You should care if SC offered because from what I have been reading if SC offered he will probably not qualify. Just sayin.


----------



## bruiserbuckgrower (Jul 20, 2014)

Park finished in the top 5 of the elite 11 I believe,  which doesn't matter a whole lot some of those guys are great some well aren't. South Carolina didn't offer stafford, murray, McCarron,  winston, so that point is mute


----------



## gin house (Jul 20, 2014)

South GA Dawg said:


> Lol come on Ginny.  We shouldn't offer someone if SC doesn't.  sC is the standard?

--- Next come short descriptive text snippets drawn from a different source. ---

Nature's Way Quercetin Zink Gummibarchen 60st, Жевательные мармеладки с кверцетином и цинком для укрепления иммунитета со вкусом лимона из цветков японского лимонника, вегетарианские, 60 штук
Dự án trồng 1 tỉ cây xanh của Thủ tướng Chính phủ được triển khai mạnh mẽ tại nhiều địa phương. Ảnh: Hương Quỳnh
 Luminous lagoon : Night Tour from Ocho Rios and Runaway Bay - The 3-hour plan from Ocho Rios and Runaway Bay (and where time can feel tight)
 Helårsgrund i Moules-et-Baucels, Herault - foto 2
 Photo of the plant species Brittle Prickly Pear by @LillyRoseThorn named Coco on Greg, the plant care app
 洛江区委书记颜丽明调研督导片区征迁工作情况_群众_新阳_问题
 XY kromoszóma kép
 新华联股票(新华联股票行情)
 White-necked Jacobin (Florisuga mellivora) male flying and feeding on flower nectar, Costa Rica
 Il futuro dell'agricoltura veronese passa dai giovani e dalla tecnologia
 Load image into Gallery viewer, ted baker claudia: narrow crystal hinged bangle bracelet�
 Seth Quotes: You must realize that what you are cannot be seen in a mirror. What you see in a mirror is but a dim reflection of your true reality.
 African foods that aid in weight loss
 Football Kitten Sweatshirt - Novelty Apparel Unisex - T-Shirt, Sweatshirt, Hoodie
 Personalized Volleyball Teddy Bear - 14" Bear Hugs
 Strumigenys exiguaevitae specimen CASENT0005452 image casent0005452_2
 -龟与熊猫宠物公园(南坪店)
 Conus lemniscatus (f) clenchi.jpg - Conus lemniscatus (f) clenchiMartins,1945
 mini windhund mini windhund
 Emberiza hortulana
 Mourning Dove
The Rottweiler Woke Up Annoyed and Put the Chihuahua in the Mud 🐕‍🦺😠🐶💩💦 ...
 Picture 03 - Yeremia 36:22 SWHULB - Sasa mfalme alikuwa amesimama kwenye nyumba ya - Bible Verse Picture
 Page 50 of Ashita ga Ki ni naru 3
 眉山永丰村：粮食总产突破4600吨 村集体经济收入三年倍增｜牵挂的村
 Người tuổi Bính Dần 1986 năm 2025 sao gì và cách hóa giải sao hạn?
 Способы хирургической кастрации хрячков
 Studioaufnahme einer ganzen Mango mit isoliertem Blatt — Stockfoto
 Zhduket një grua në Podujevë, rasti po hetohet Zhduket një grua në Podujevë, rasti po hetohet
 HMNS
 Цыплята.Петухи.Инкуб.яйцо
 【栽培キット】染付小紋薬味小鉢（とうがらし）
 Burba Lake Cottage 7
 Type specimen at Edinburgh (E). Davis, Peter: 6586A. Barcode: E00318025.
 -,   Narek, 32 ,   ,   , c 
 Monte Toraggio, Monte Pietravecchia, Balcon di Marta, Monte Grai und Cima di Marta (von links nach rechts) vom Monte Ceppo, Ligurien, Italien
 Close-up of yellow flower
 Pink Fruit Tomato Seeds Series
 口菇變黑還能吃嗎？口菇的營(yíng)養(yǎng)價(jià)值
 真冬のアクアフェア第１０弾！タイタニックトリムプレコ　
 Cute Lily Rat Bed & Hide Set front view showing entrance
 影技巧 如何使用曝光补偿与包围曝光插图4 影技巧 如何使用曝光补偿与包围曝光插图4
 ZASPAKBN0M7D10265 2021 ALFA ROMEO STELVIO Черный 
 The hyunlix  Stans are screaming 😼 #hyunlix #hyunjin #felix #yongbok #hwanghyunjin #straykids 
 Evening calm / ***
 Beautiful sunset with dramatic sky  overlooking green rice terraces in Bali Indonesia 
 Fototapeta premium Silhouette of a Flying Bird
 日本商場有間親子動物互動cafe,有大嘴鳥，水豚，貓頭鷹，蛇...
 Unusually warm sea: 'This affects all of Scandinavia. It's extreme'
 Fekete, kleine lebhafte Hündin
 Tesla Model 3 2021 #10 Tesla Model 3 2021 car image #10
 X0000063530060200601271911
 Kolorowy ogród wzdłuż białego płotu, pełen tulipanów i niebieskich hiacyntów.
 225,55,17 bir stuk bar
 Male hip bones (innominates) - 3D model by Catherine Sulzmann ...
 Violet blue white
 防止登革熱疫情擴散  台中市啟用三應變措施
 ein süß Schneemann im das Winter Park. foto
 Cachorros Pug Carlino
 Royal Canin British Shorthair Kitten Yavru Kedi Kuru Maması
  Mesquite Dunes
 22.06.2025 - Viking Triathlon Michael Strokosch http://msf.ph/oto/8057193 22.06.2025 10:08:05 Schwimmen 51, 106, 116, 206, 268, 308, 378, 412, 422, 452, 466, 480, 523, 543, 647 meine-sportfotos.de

 By no means is that what I'm saying.   UGA gets who they want at QB.    I'm saying a red flag should go up when the two in state schools didn't offer him.   I don't think he will pan out.    He could end up being good but i highly doubt it.


----------



## gin house (Jul 20, 2014)

South GA Dawg said:


> Call me crazy but I don't look at Who SC has offered as the barometer for who the true blue chippers are.  Why would care whether or not SC offered Park or anybody else?



 Every high school coach in the lower state have seen him play and USC have seen him many times.   He doesn't have it between the ears.   Clemson and SC didn't offer and would not have for any reason.    Like a poster above stated ale may......... Same here.


----------



## rex upshaw (Jul 20, 2014)

gin house said:


> Every high school coach in the lower state have seen him play and USC have seen him many times.   He doesn't have it between the ears.   Clemson and SC didn't offer and would not have for any reason.    Like a poster above stated ale may......... Same here.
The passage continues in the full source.